EXERCISE GOAL. Repeat all of the data below word for word, keeping no images.

DATASET EXTRACT.
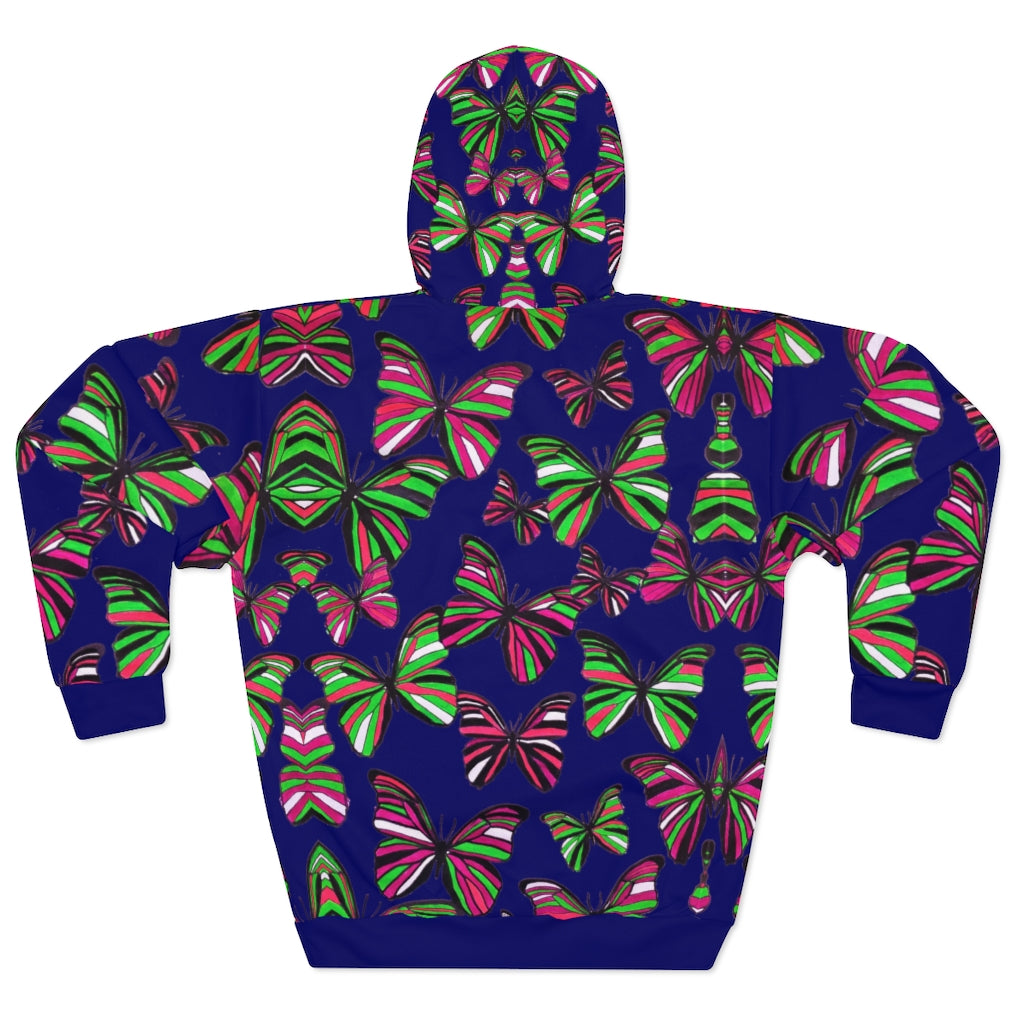 Butterflies Pullover Navy Hoodie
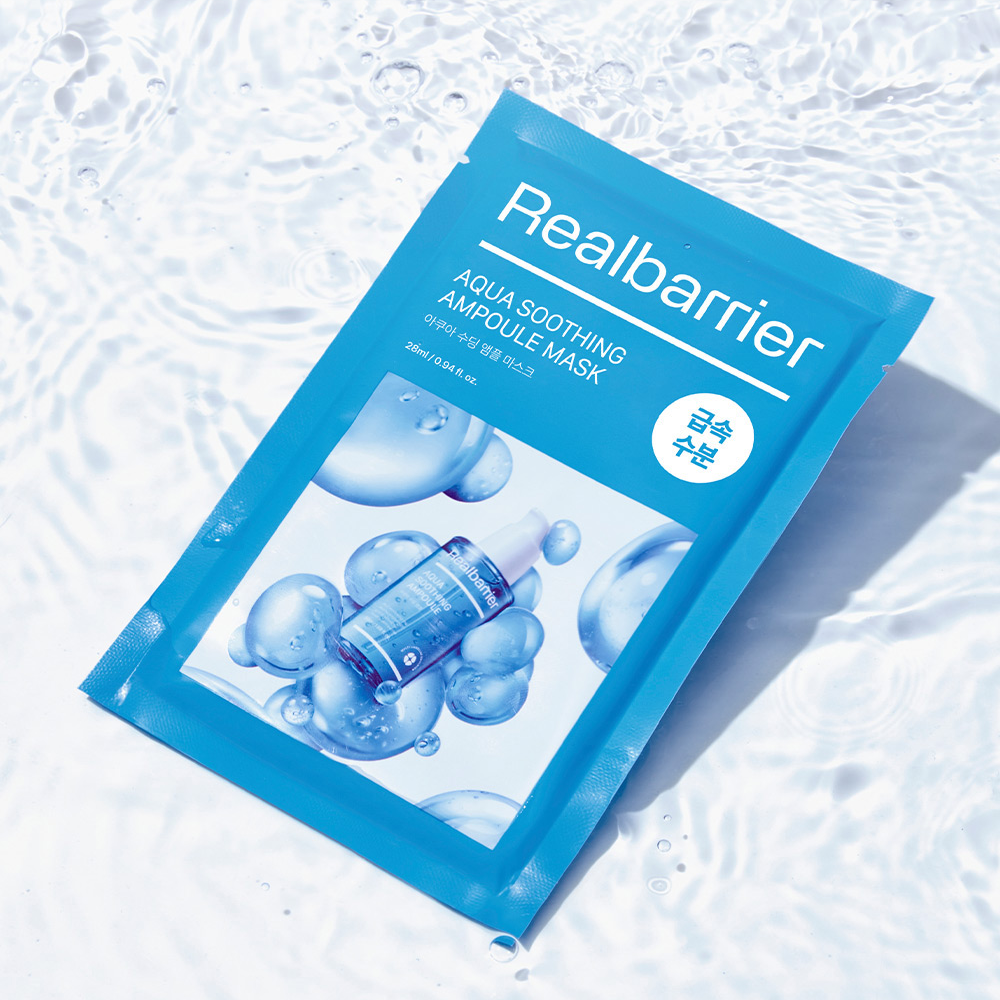 Real Barrier Aqua Soothing Ampoule Maske 28ml 10ea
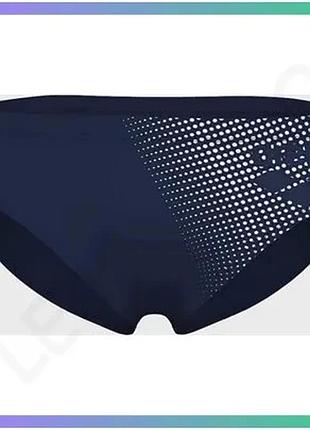 Плавки arena foggy dots swim briefs темно-синие и белые для мужчин купальные плавки для бассейна sku_00000037500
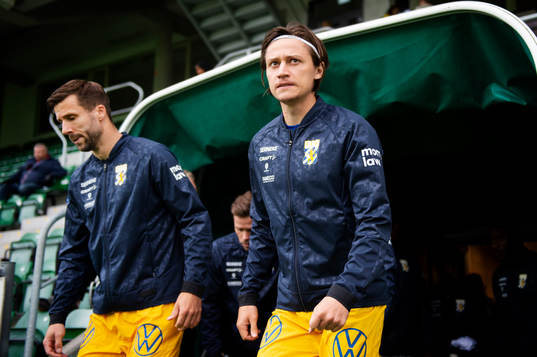 IFK Göteborgs Mattias Bjärsmyr och Simon Thern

WRITTEN ANSWER.
 Butterflies Pullover Navy Hoodie
 Real Barrier Aqua Soothing Ampoule Maske 28ml 10ea
 Плавки arena foggy dots swim briefs темно-синие и белые для мужчин купальные плавки для бассейна sku_00000037500
 IFK Göteborgs Mattias Bjärsmyr och Simon Thern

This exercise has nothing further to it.